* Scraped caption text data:
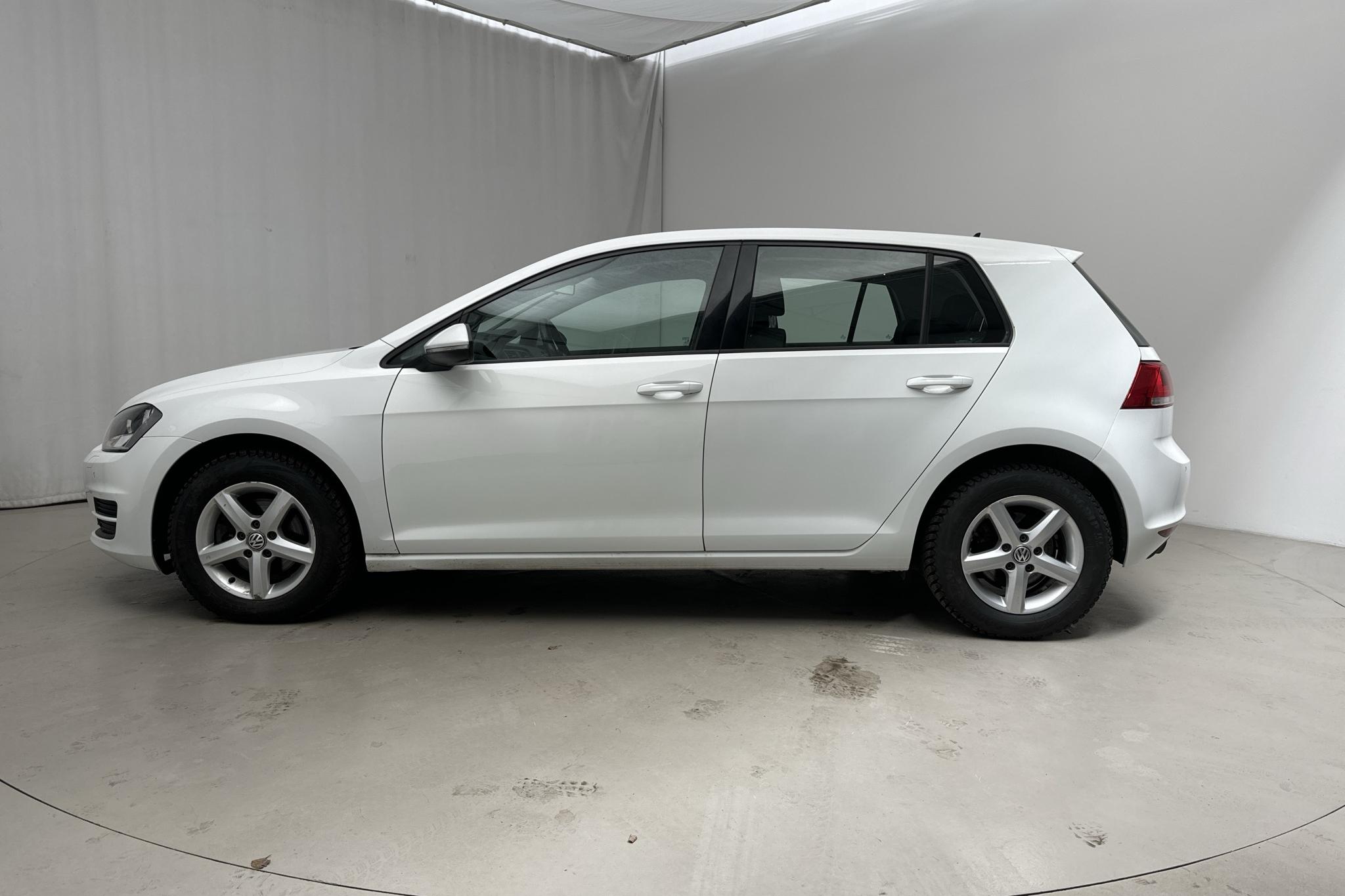 VW Golf VII 1.2 TSI 5dr (105hk) - 131 090 km - Automatyczna - biały - 2015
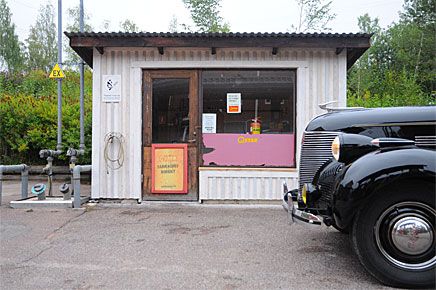 I Sågmyra finns en stor fabrik och en mycket liten mack. Vi stannade till med vår Chevrolet -39 på väg mot Siljans stränder.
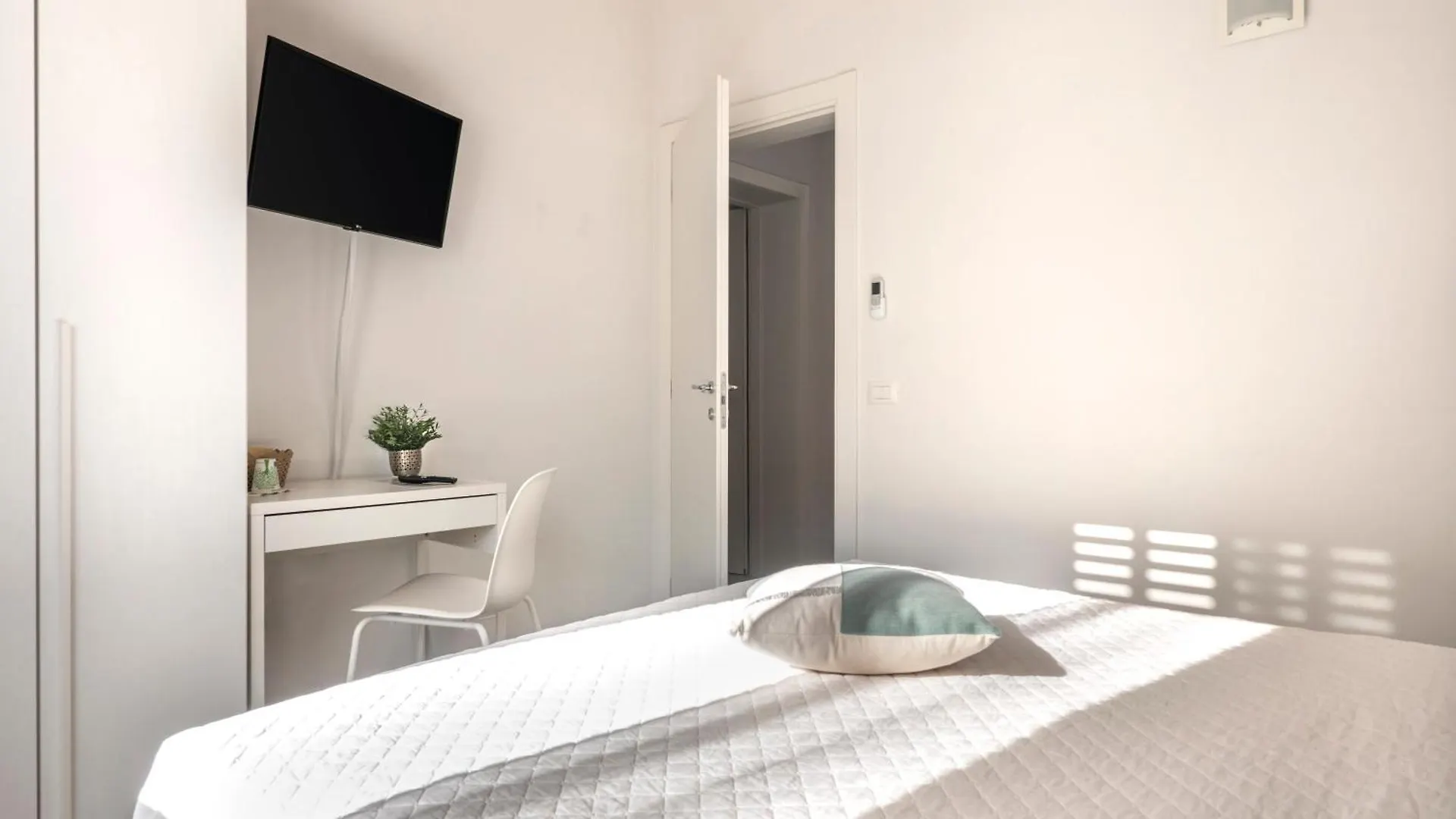 Zuara9Room Rimini 0*,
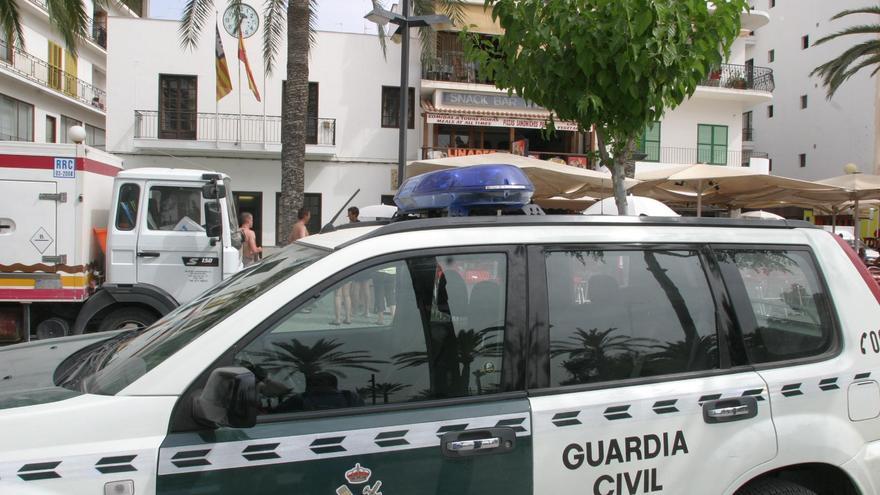 Seguridad en Ibiza: temor entre los comerciantes de Sant Antoni tras más de una decena de robos en apenas un mes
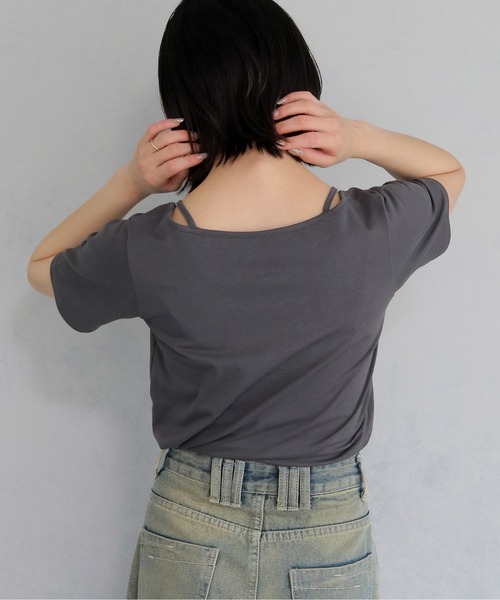 cheriella(シェリエラ)の「【cheriella】ネックデザイントップス NECK DESIGN TOPS(Tシャツ/カットソー・レディース・オフホワイト/チャコールグレー/ブラック・M)」の12枚目の写真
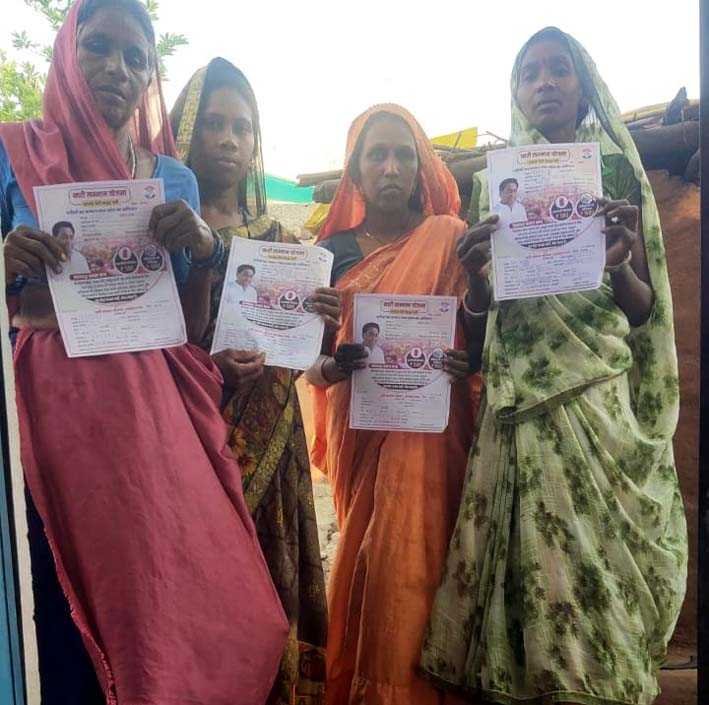 नारी सम्मान योजना फॉर्म भरने में जुटी महिलाएं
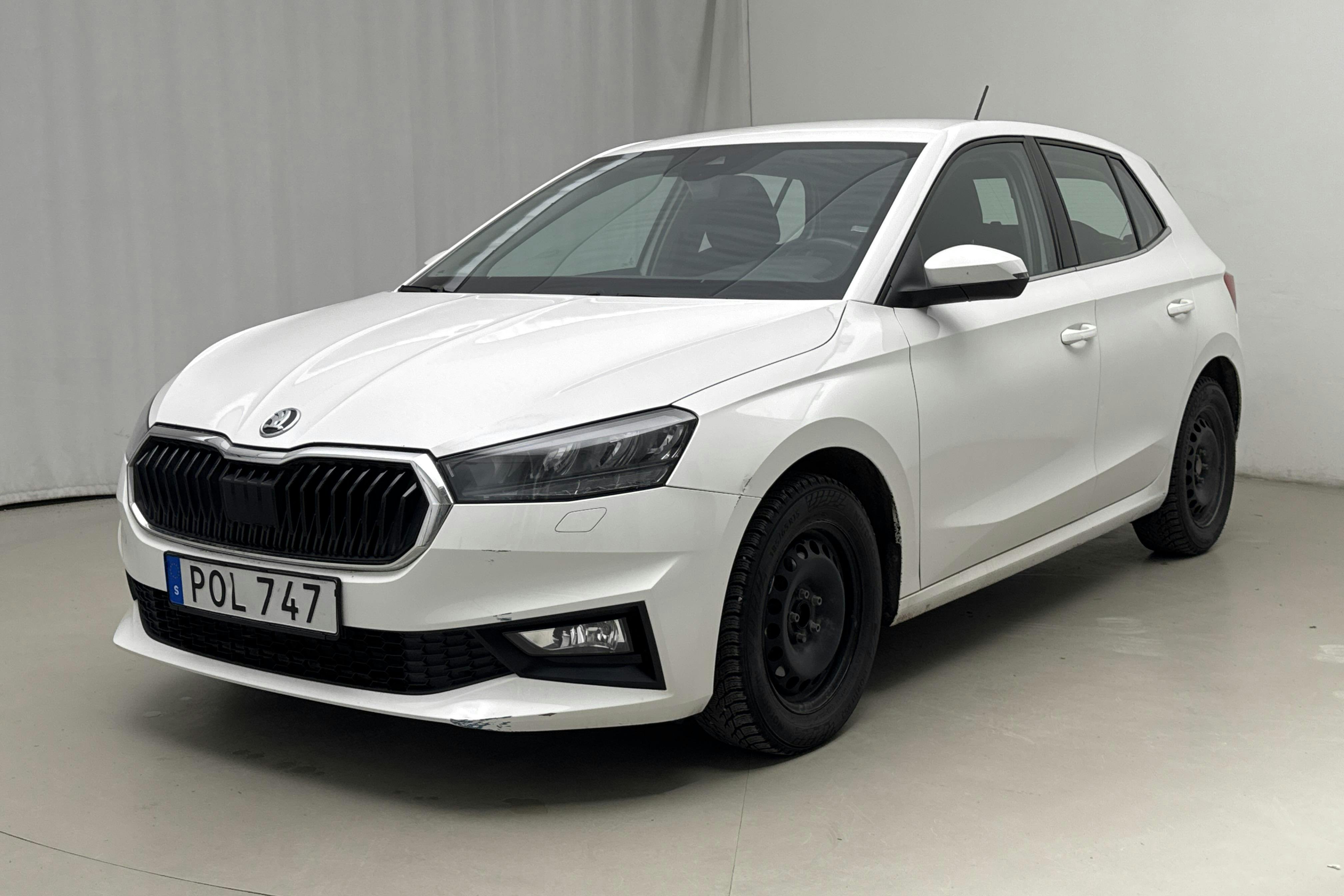 Presentation photo 1 of 15: Skoda Fabia 1.0 TSI (110hk) - 175 130 km - Automatic - white - 2022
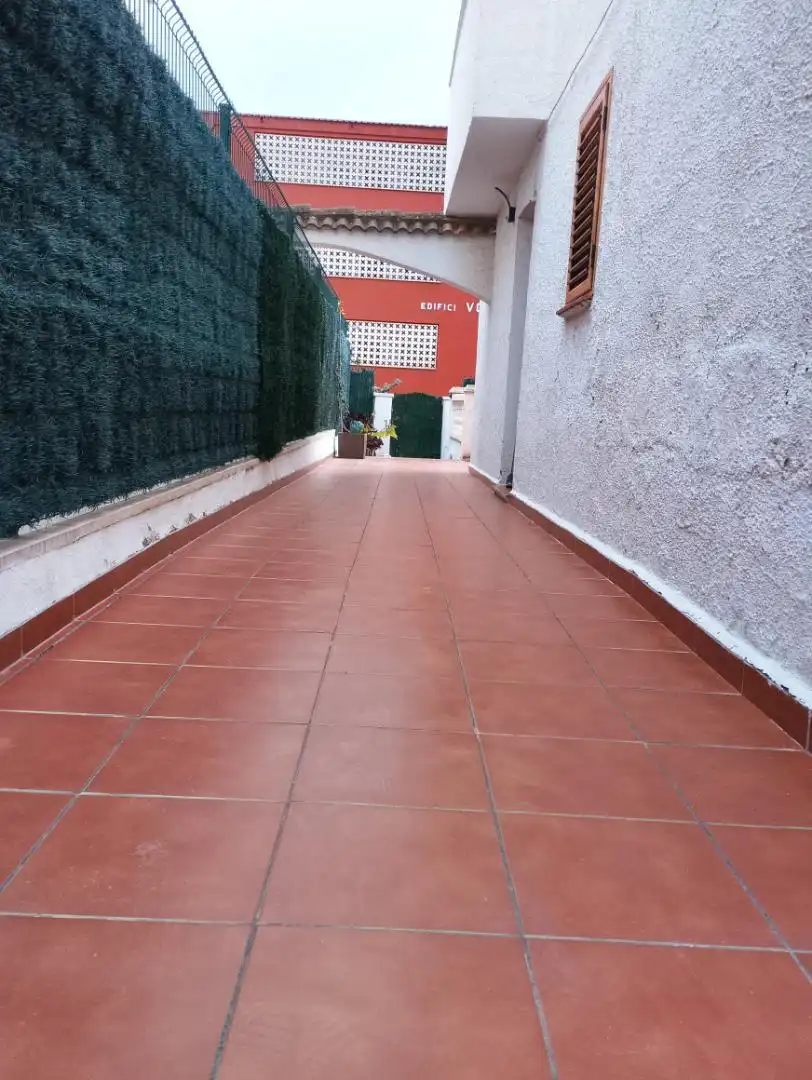 Einfamilien-Reihenhaus zum Verkauf in Carrer de Perseo, 5, Tarraco Terrasse von Einfamilien-Reihenhaus zum Verkauf in Cambrils mit Klimaanlage, Heizung und Terrasse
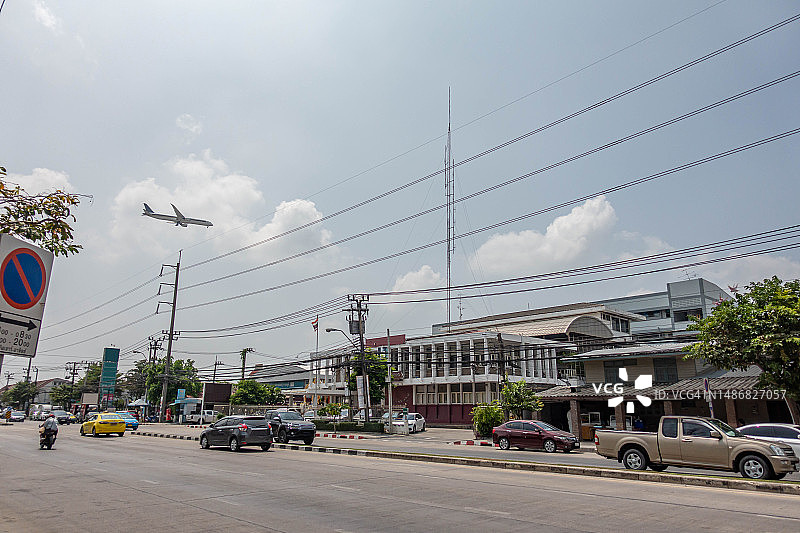 飞机飞越泰国曼谷图片素材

* The task: A faithful copy of all the data above, without its pictures, is the expected result.

* Your response:
 VW Golf VII 1.2 TSI 5dr (105hk) - 131 090 km - Automatyczna - biały - 2015
 I Sågmyra finns en stor fabrik och en mycket liten mack. Vi stannade till med vår Chevrolet -39 på väg mot Siljans stränder.
 Zuara9Room Rimini 0*,
 Seguridad en Ibiza: temor entre los comerciantes de Sant Antoni tras más de una decena de robos en apenas un mes
 cheriella(シェリエラ)の「【cheriella】ネックデザイントップス NECK DESIGN TOPS(Tシャツ/カットソー・レディース・オフホワイト/チャコールグレー/ブラック・M)」の12枚目の写真
 नारी सम्मान योजना फॉर्म भरने में जुटी महिलाएं
 Presentation photo 1 of 15: Skoda Fabia 1.0 TSI (110hk) - 175 130 km - Automatic - white - 2022
 Einfamilien-Reihenhaus zum Verkauf in Carrer de Perseo, 5, Tarraco Terrasse von Einfamilien-Reihenhaus zum Verkauf in Cambrils mit Klimaanlage, Heizung und Terrasse
 飞机飞越泰国曼谷图片素材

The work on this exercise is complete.